Gary Chang lives in a tiny apartment – 344 square feet – in Hong Kong. And Gary Chang is an architectural designer, so he’s taken a space that’s just about suited to a single room and allowed it to become every room in the house as needed. Bedroom? Pull down the bed. Kitchen? Pull back a wall to reveal a range and a sink. Bath? Pull aside a different wall. Laundry and utilities? Pull – you get me.
I watched a brilliant documentary on Chang’s apartment last night. And by the end of it I thought: cor, maybe we’re all thinking about this home stuff wrong? Maybe Chang’s etch-a-sketch lifestyle is the way to do it. Focus on what you love and conjure the idea of rooms around that and that alone. Opt for a house that slides into place only when you want it to be there.

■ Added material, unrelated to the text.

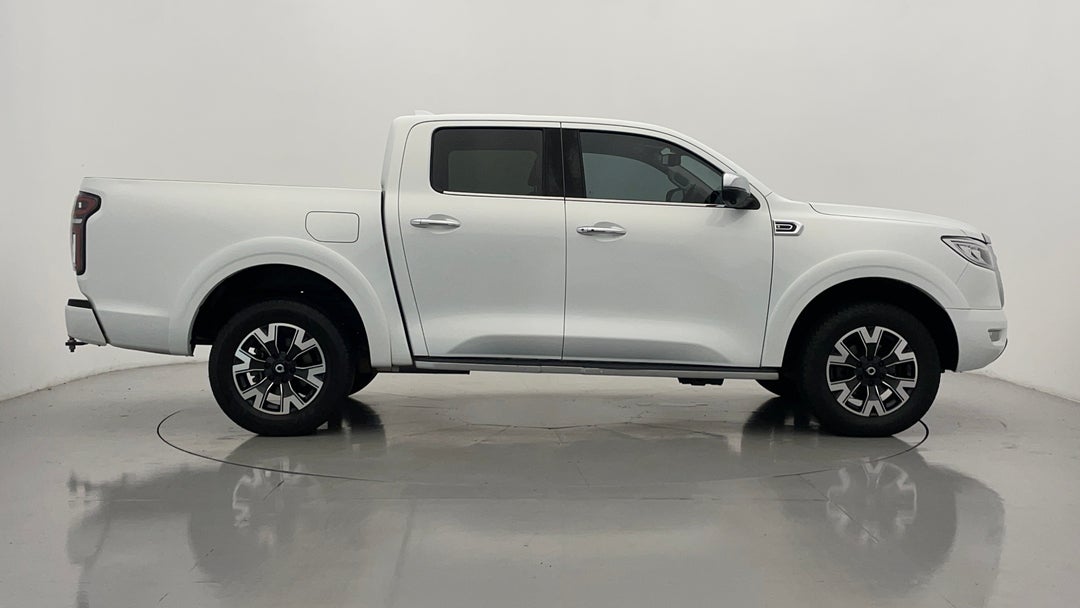 2022 GWM Ute Cannon-X (4x4), Automatic, 48582 km, Right Side View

Harmoniously – a suspicious kind of harmony really – I then spent today playing Loot River. Loot River is an inventive and deeply satisfying roguelite, a top-down affair with a touch of Souls to it. There are a lot of these. But Loot River has a big idea, and it’s an idea Chang might approve of. The game plays out on dungeons made of floating tiles – tetrominos put you in the right headspace, but there are lots more shapes – and as you move around with the left stick, you can move the tile you’re on with the right, sliding it through the water from one spot to another.